REPUBLIKA.CO.ID, JAKARTA -- Kepala Badan Pusat Statistik (BPS) Suhariyanto mengaku sedang melakukan penyempurnaan metodologi untuk meningkatkan data produksi padi di Indonesia. BPS menggandeng Badan Pengkajian dan Penerapan Teknologi (BPPT) untuk bisa memperbaiki basis data produksi padi yang kerap menjadi perdebatan.
"Jadi, BPS bersama BPPT mulai Januari 2018 membuat namanya kerangka sampel area. Itu pakai peta kita bagi-bagi segmennya kemudian koordinatnya dimatikan. Petugas diminta datang ke sawah dengan menggunakan ponselnya dan harus memotret," ujar Suhariyanto di Jakarta, pada Kamis (24/5).
Suhariyanto menjelaskan, petugas pemantau di lapangan diwajibkan menunjukkan bukti kondisi sawah melalui ponselnya. Hal itu, jelasnya, guna meningkatkan akurasi data. "Jadi kita betul-betul di lapangan melihat kondisi sawahnya apakah baru tanam, apakah sudah panen," ujarnya.
Suhariyanto mengaku, hasil pendataan tersebut baru bisa dipublikasikan dalam kurun waktu tiga hingga empat bulan ke depan. Ia mengaku, tetap perlu mengundang sejumlah pihak terkait untuk mencocokkan akurasi data tersebut.

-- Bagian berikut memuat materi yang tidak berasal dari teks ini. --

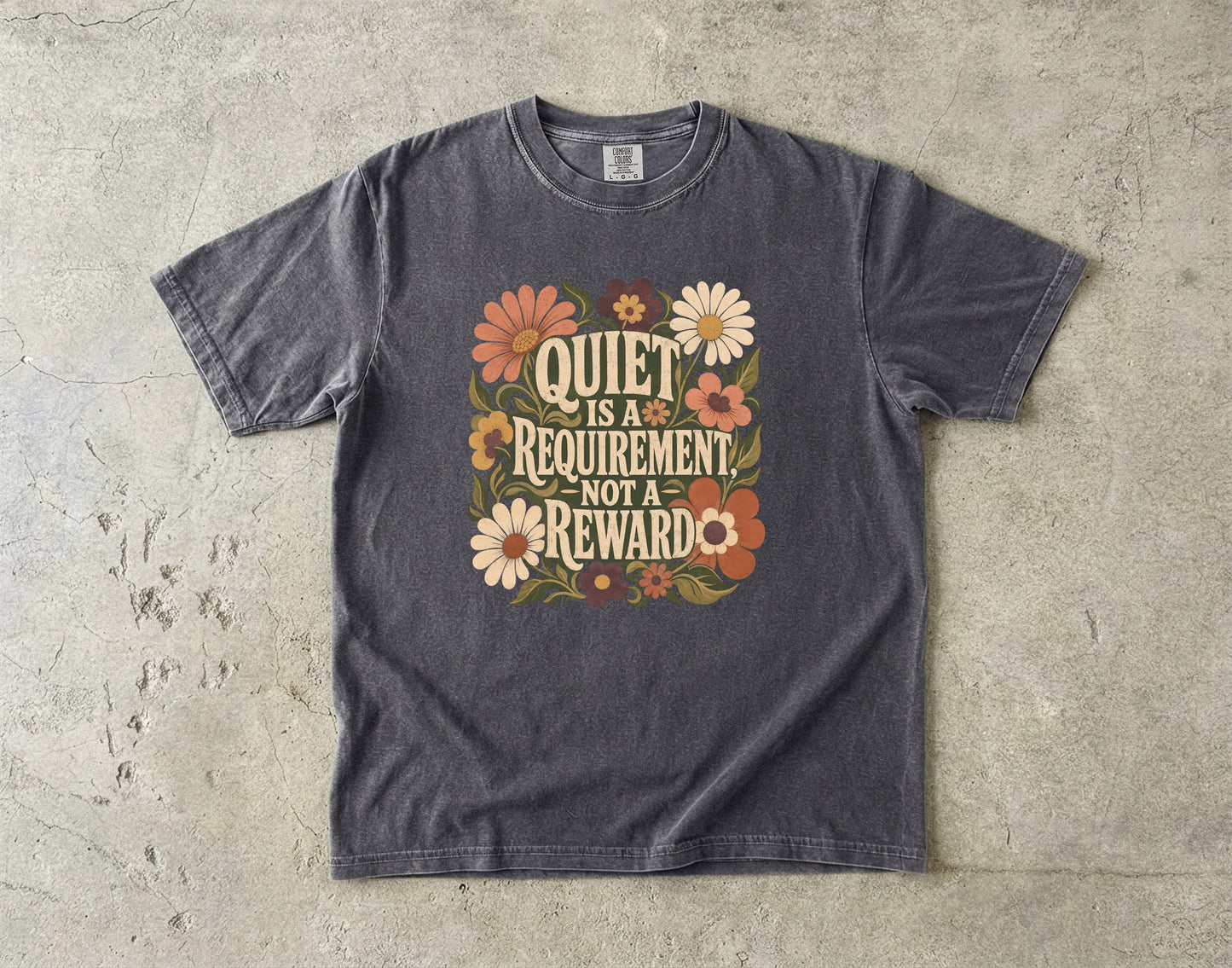 Introvert Self Care Shirt – Quiet Is a Requirement Not a Reward -Comfort Colors T-shirt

Dengan adanya data tersebut, Suhariyanto berharap produksi beras Indonesia bisa lebih terprediksi. "Setidaknya kita akan punya data produksi dan kita bisa melihat potensi dari panen padi itu tiga bulan ke depan," ujarnya.

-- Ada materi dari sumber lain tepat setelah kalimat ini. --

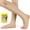 Beige, variant on 20-30 mmHg Open Toe Zipper Compression Socks, Firm Graduated Knee High Support for Varicose Veins, Edema & Post-Surgery, 1 Pair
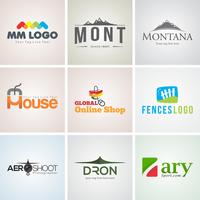 Conjunto de plantillas de diseño de logotipo corporativo creativo vector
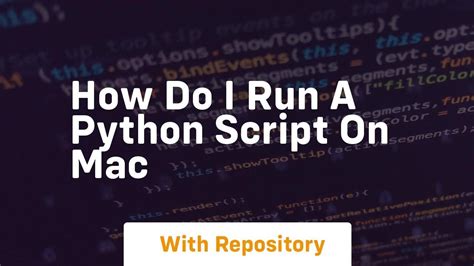 how to make a python script on mac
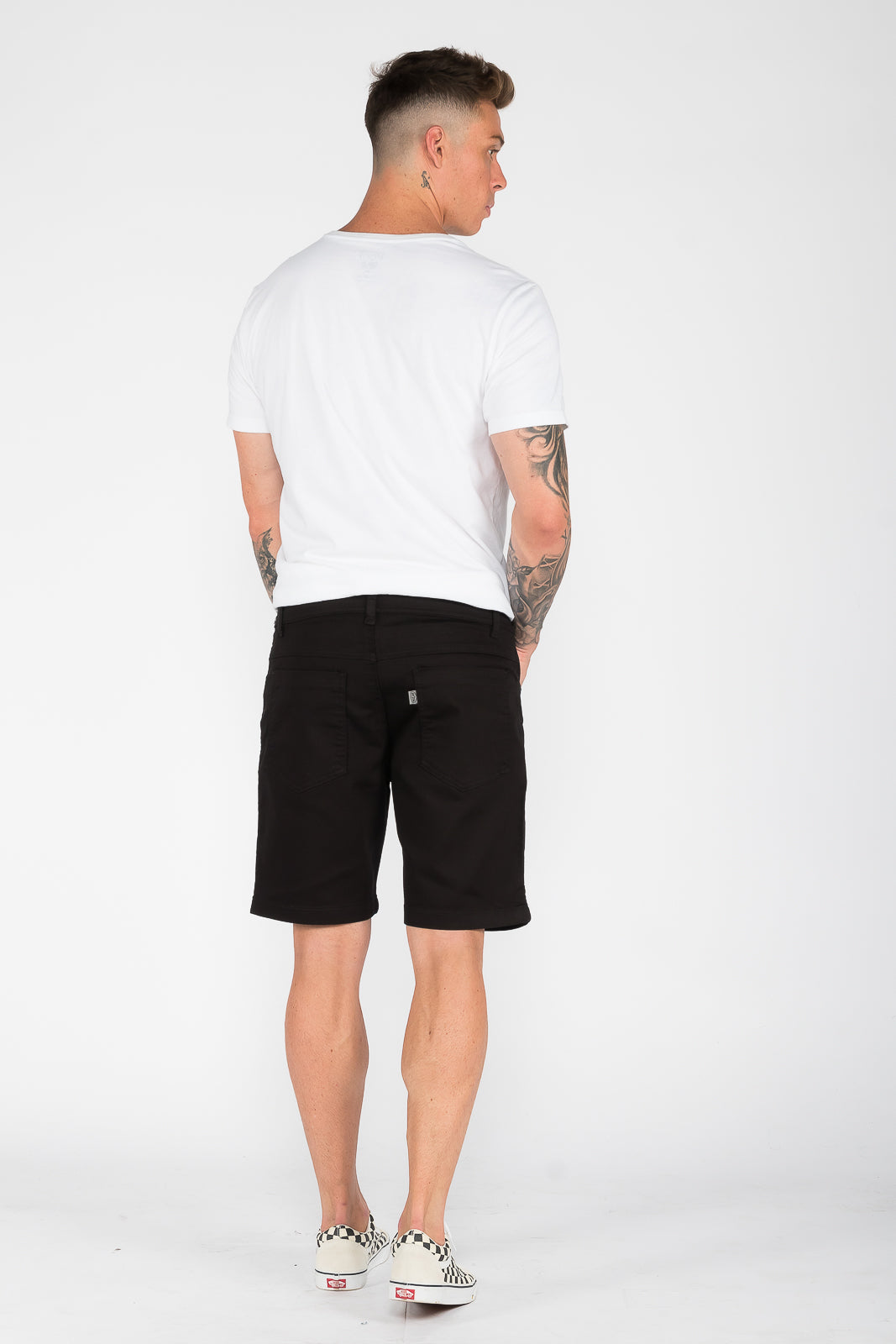 Bermuda Masculina Sarja Preta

Sebelumnya, Wakil Presiden Jusuf Kalla (JK) memastikan, Badan Pusat Statistik (BPS) akan merilis metode penelitian yang baru untuk memperbaiki data pangan di Indonesia. JK mengatakan, BPS akan merilis data-data baru terkait pangan yang selama ini dinilai tidak sesuai dengan kebutuhan masyarakat.
"BPS akan merilis penelitiannya yang baru, segera. (BPS) sudah sampaikan kepada saya bahwa akan ada data-data yang baru," ujar Jusuf Kalla, Selasa (22/5).
Masalah data produksi beras kerap menjadi polemik. Pasalnya, data ini penting untuk mengetahui kekurangan dan kelebihan beras nasional. Data juga dipakai untuk mengetahui besaran impor yang dibutuhkan.
Berdasarkan hasil audit BPK, ia memaparkan, pada 2016 kebutuhan beras nasional sebanyak 46,142 juta ton. Sementara itu, produksi dalam negeri mencapai 46,188 juta ton. Artinya, ada selisih surplus sebanyak 46 ribu ton.
Namun, pada tahun tersebut pemerintah justru menerbitkan persetujuan impor sebanyak 1.000.200 ton. "Penetapan angka impor tidak sepenuhnya akuntabel," ujar Rizal dalam sebuah forum diskusi yang membahas ketahanan pangan di kantor BPK, Senin (21/5).